BIG PRIMPIN' featuring GREEN TEA , TUFF LUV , TEX and MI-NUH CARE at Stone's Place (1255 Queen West), Saturday (October 4). $5. 416-536-4242. Rating: NNNNN
As my conversation with Jeremy Laing wraps up, he says something odd for a DJ/promoter. "You know, until relatively recently, music wasn't really that big a part of my life."
Generally, new DJs spend a lot of time trying to prove that they've paid their dues, usually by exaggerating how long ago their careers started, sometimes bending the laws of time and space to give their CV more credibility.
Laing's approach to the party is a bit different from the mythmaking spawned over the years by the growth of DJ culture and the idea of the DJ as icon.

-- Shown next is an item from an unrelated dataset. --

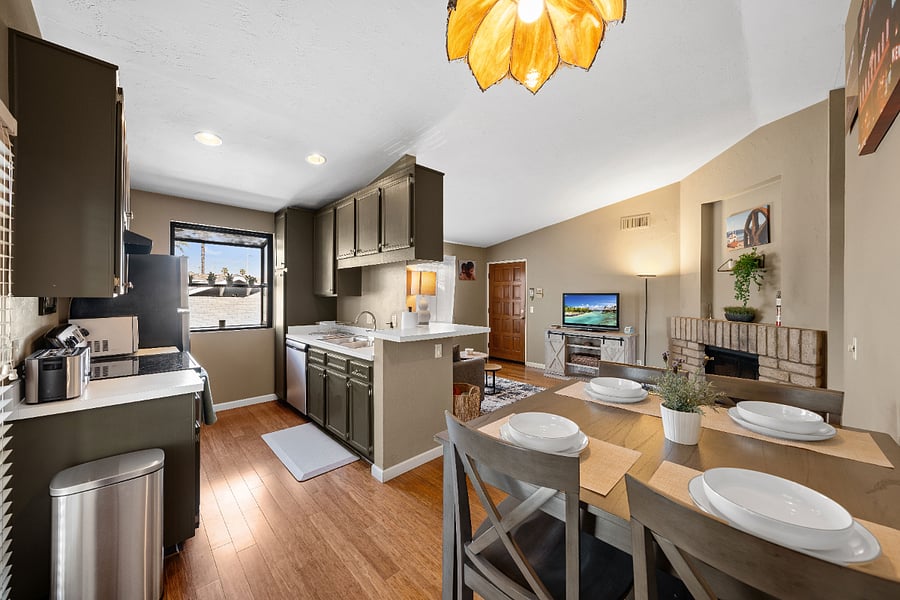 Furnished Finder property 438268_1 photo 9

Last May, Laing and his roommates decided to capitalize on their growing love of commercial hiphop, R&B and dancehall reggae, and started throwing queer parties at unlikely rock bars in Parkdale.

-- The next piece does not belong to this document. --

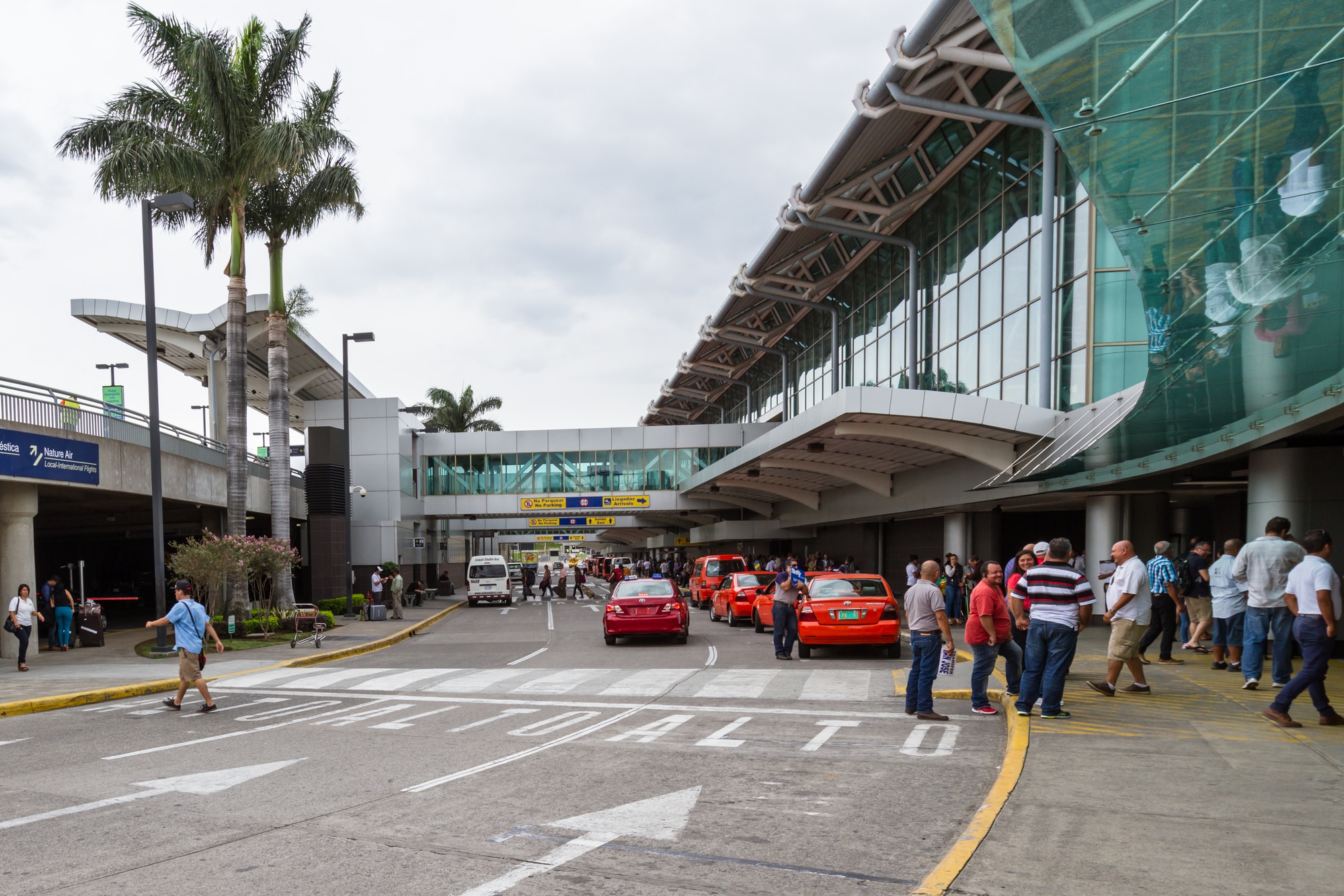 Aéroport international Juan Santamaria. (Photo: https://www.costaricarios.com/)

Big Primpin' bills itself as "hiphop for ho's and mo's," and attracts art scenesters, hipster kids, anarchist fags and others unfulfilled by both mainstream and underground approaches to dance music.

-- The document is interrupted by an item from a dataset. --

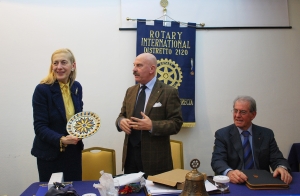 TARANTO - Che fascino quella nostra Maria d’Enghien. Brillante conferenza della prof.ssa Josè Minervini al Rotary Magna Grecia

What's attractive about this event (as well as Laing's new project, the Miami-bass-centred Gina Rok monthly) isn't so much the music, but the sense of fun that it embodies. Instead of standing in the corner scratching your chin trying to decide whether the DJ is rewriting the rules of mixing records, you find yourself dancing, laughing and having a good time.
Known as the House of 114, Laing along with Andrew Sutherland, Mark Buck, Derrick Yong and Francey Russell are, perhaps unknowingly, part of a greater trend away from the DJ as artist and back toward the DJ as enabler.
"We recognized that it was something people wanted that wasn't being offered. We identified a need and created a space for it where people can enjoy it - particularly because the kind of space where hiphop is usually played isn't very inclusive or gay-positive."
This subtle act of changing the venue - and therefore the audience - for music that's fairly ordinary throughout much of the club district has an unexpectedly profound effect. It's a type of subversion, but it's not really a critique of hiphop culture.
The girls who come get glammed up because they feel safe, the fags go all out even though it's Parkdale, and the straight boys are well-behaved and generally well-dressed.
"I don't think I'm really in any position to make judgments about hiphop culture, but I can critique my own appreciation of it. We're kind of poking fun at how much you can like it while acknowledging that it can be pretty terrible sometimes."
Underground dance music in general lost a lot of its sense of fun some time ago, which is part of why the huge surge in interest in DJ culture died down so quickly. Everybody's a DJ these days, which has made dancers realize that long mixes aren't that big a deal if the party's good. What's more important is the dialogue between the person behind the decks and the people on the floor, which comes together in a much more mysterious way than good mixing technique could ever explain.